Corrida para garantir subsídio gera disparada nos pedidos de registro de usina solar

23/09/21 | São Paulo

Reportagem publicada pela Folha de S.Paulo

Setor elétrico teme que enxurrada de projetos comprometa planejamento da transmissão no país

Uma corrida pelo registro de novos projetos de energias renováveis preocupa autoridades do setor elétrico brasileiro, que temem impactos no bolso do consumidor com o aumento dos custos de transmissão de eletricidade no país.

O mercado vê um movimento de especulação com os registros, que estariam sendo obtidos por empresas interessadas apenas em negociar a papelada no futuro, o que poderia dificultar o planejamento do sistema elétrico brasileiro.

Em 2021, o número de pedidos de informações sobre acesso à rede para conexão de novas usinas renováveis praticamente triplicou, chegando a uma média de 43 por mês, contra 15 no ano anterior. Ao todo, entre janeiro e a última sexta (17), foram 387 pedidos, contra 185 em todo o ano de 2020.

O ONS (Operador Nacional do Sistema Elétrico) diz que a grande maioria vem de projetos de geração solar, com destaque para as regiões norte de Minas Gerais e oeste e sul da Bahia, que experimentam grande volume de investimentos nesse segmento.

A aceleração dos pedidos é fruto da lei 14.120 de 2021, que garantiu benefícios a projetos de fontes renováveis que solicitarem outorga para operação até do dia 2 de março de 2022. A partir daí, os projetos começam a perder gradualmente esse desconto.

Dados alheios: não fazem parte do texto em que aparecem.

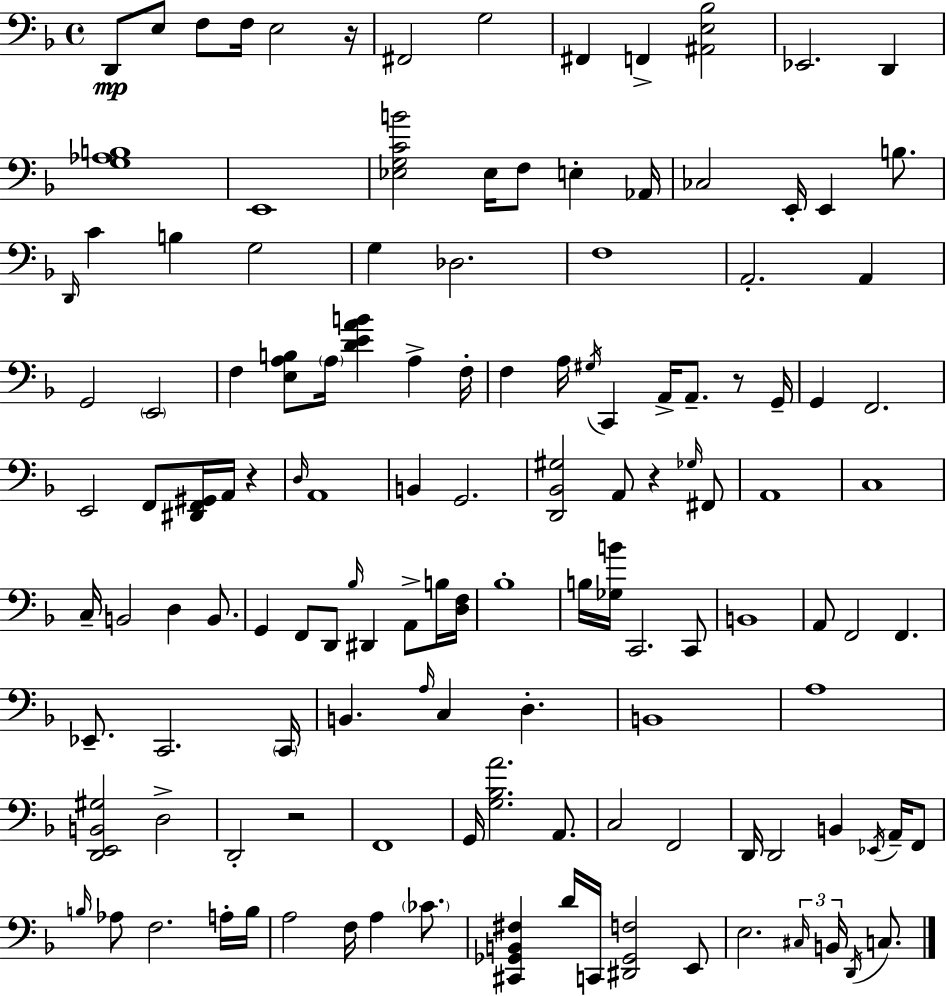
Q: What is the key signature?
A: F major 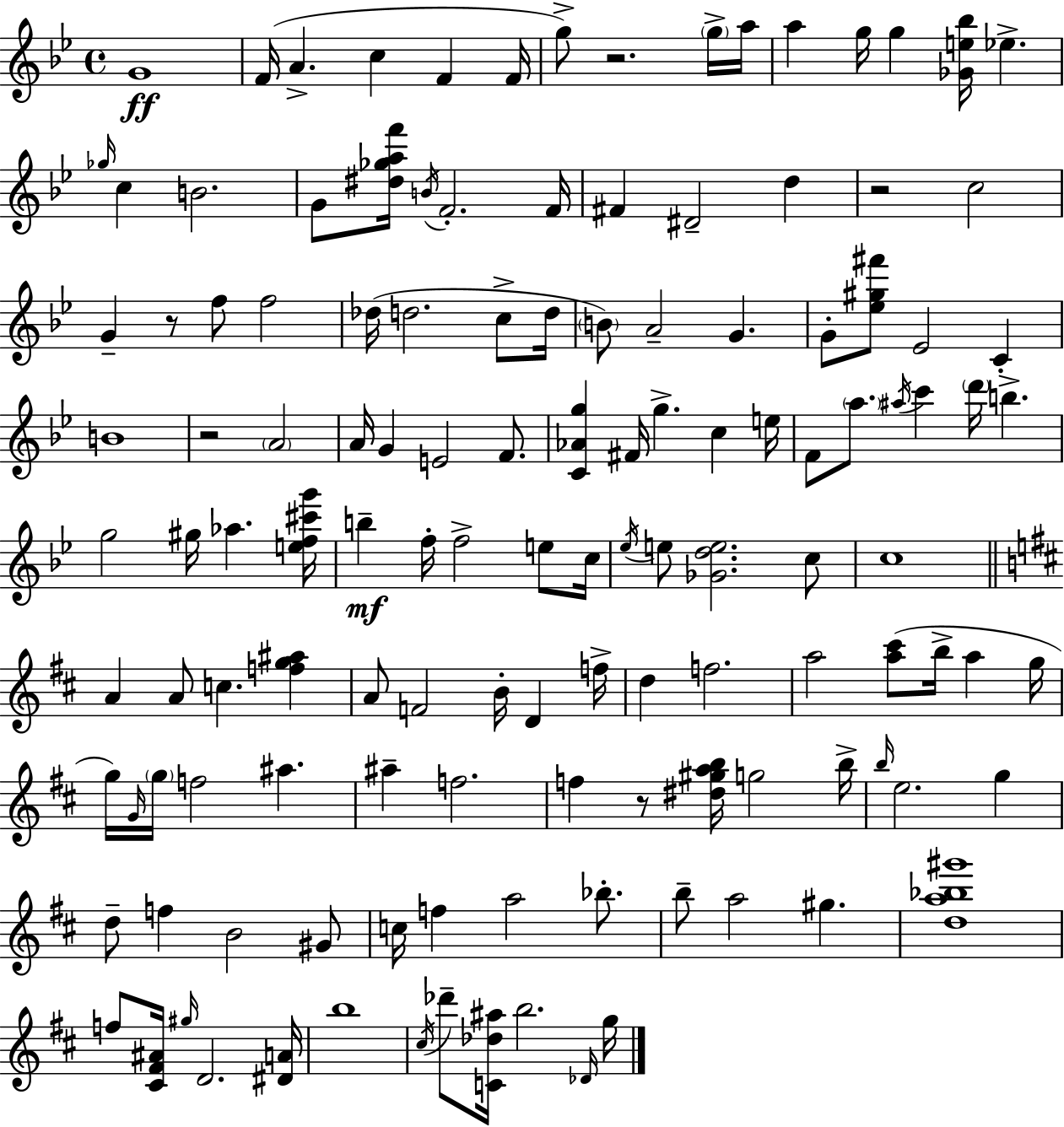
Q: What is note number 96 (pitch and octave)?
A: G#4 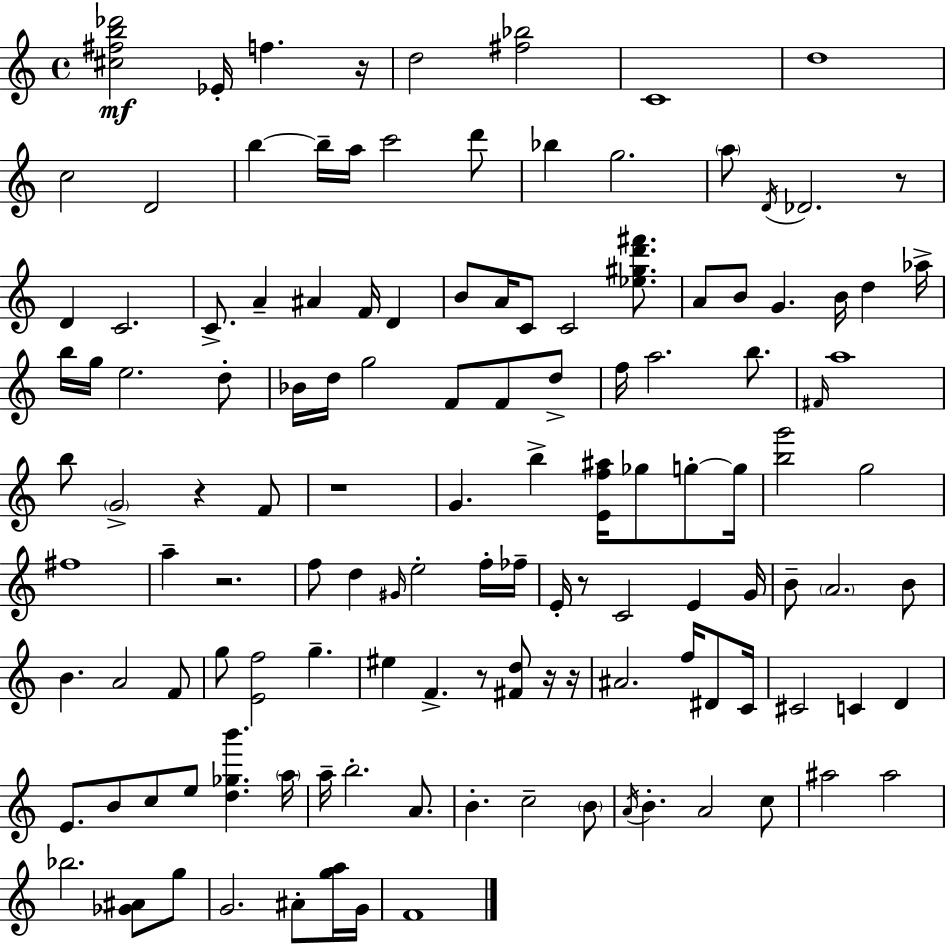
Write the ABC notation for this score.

X:1
T:Untitled
M:4/4
L:1/4
K:C
[^c^fb_d']2 _E/4 f z/4 d2 [^f_b]2 C4 d4 c2 D2 b b/4 a/4 c'2 d'/2 _b g2 a/2 D/4 _D2 z/2 D C2 C/2 A ^A F/4 D B/2 A/4 C/2 C2 [_e^gd'^f']/2 A/2 B/2 G B/4 d _a/4 b/4 g/4 e2 d/2 _B/4 d/4 g2 F/2 F/2 d/2 f/4 a2 b/2 ^F/4 a4 b/2 G2 z F/2 z4 G b [Ef^a]/4 _g/2 g/2 g/4 [bg']2 g2 ^f4 a z2 f/2 d ^G/4 e2 f/4 _f/4 E/4 z/2 C2 E G/4 B/2 A2 B/2 B A2 F/2 g/2 [Ef]2 g ^e F z/2 [^Fd]/2 z/4 z/4 ^A2 f/4 ^D/2 C/4 ^C2 C D E/2 B/2 c/2 e/2 [d_gb'] a/4 a/4 b2 A/2 B c2 B/2 A/4 B A2 c/2 ^a2 ^a2 _b2 [_G^A]/2 g/2 G2 ^A/2 [ga]/4 G/4 F4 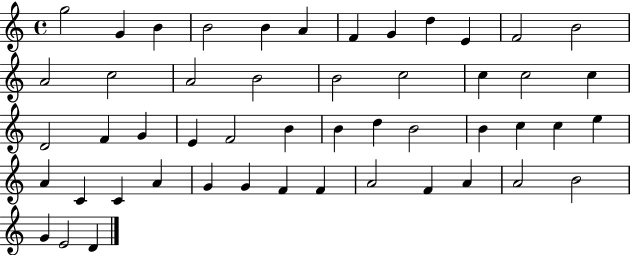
G5/h G4/q B4/q B4/h B4/q A4/q F4/q G4/q D5/q E4/q F4/h B4/h A4/h C5/h A4/h B4/h B4/h C5/h C5/q C5/h C5/q D4/h F4/q G4/q E4/q F4/h B4/q B4/q D5/q B4/h B4/q C5/q C5/q E5/q A4/q C4/q C4/q A4/q G4/q G4/q F4/q F4/q A4/h F4/q A4/q A4/h B4/h G4/q E4/h D4/q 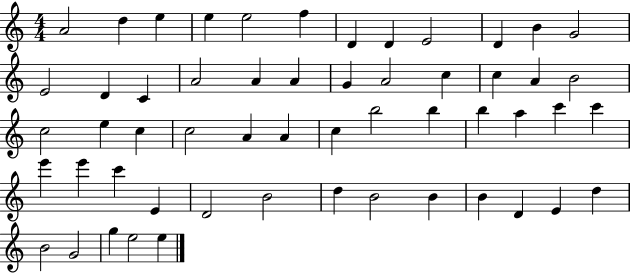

O setor compara o cenário a uma “corrida do ouro” em busca de garantir o benefício, que é um desconto de 50% sobre a tarifa de uso do sistema de transmissão. “Este fato aumentou o interesse para a obtenção de autorização pelos empreendedores que desejam construir novas usinas.”, diz o ONS.

O pedido de informação de acesso é parte do processo de outorga e tem o objetivo de avaliar a viabilidade de conexão de um projeto à rede de transmissão. Quando não há capacidade disponível, os acessos dependem de investimentos na ampliação da rede, o que é definido pela EPE (Empresa de Pesquisa Energética).

A preocupação é que eventuais novas linhas de transmissão fiquem ociosas caso os projetos não saiam do papel, onerando desnecessariamente o consumidor. “O desafio é que a maioria são projetos visando ao mercado livre, o que traz um fator maior de incerteza para o planejamento”, diz o presidente da EPE, Thiago Barral.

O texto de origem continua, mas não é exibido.